Whether those two areas match up may be the most important question in American defense policy right now. The last three administrations have decided China is America’s top threat, and a rising one at that. But it’s less clear how much money it will cost to address it and who gets to decide — Congress, the Pentagon or military leaders in the Pacific?

“I don’t think that we are somehow dangerously short of funding for the Indo-Pacific, whether it’s PDI or not,” Rep. Ed Case, D-Hawaii, who sits on the House Appropriations Committee’s defense panel, told Defense News in February.

“We’re going in the right direction, but the question is: Are we going there fast enough?”

A second opinion

This was the question that led to PDI.

In 2021, the head of Indo-Pacific Command, Adm. Phil Davidson, was in Washington ahead of his planned retirement to testify before Congress. Davidson hadn’t appeared before the Senate Armed Services Committee in two years due to the coronavirus pandemic.

Early on, Sen. Roger Wicker, R-Miss., presented a set of charts during a short call and response. Wicker read a list projecting the number of Chinese and American weapons in the region by 2025, asking Davidson to check his numbers.

Three Chinese aircraft carriers to America’s one. Six Chinese amphibious assault ships to America’s two. Fifty-four Chinese combat ships to America’s six.

The admiral confirmed each one.

“Our conventional deterrent is actually eroding in the region,” Davidson said.

What concerned him most was not that Beijing had a more powerful military overall; it was a problem of speed and distance. Taiwan — which the Chinese government considers a rogue province and has threatened to take back by force — is about 100 miles from the mainland. It’s more than 5,000 miles from Hawaii, the headquarters of U.S. Indo-Pacific Command.

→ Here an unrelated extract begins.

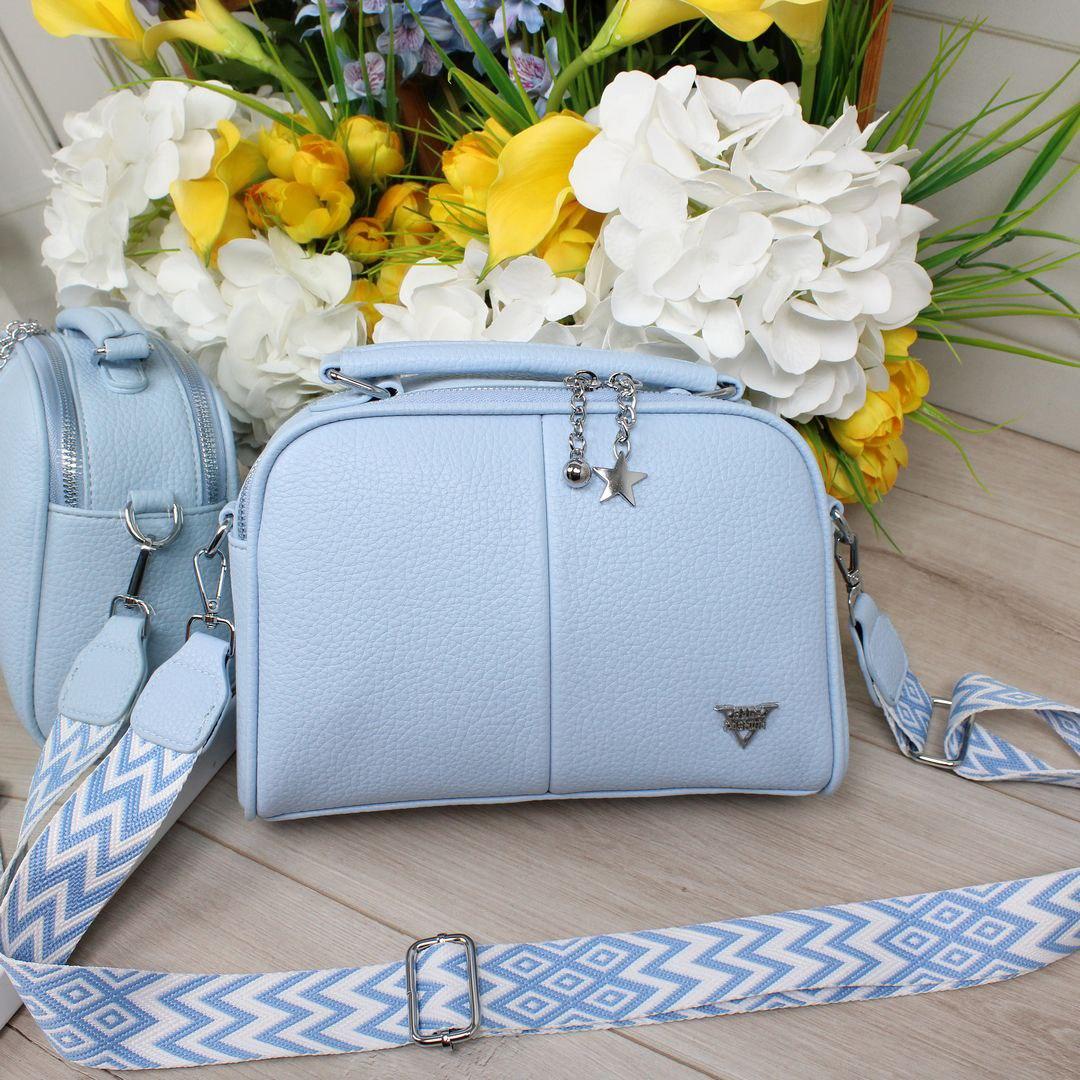 Жіноча сумка валізка на широкому ремені красива блакитна екошкіра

It would take three weeks for the U.S. to rush ships to the area from the West Coast, and around 17 days to do so from Alaska, Davidson estimated. If China launched a rapid invasion, it might overwhelm Taiwan before the U.S. had a chance to arrive.

“The important factor here is time,” he said.

Davidson’s answer, and that of many committee members, was to push America’s forces closer to Taiwan — the military version of a full-court press. But the U.S. didn’t yet have the necessary infrastructure in place. It would need to construct bases, airfields, radars and other buildings along the Pacific islands that arc around Taiwan.

And this would cost money — lots of money.

PDI was, at first, meant to be the source of that money. To understand why, it’s important to understand how the Pentagon writes its budget.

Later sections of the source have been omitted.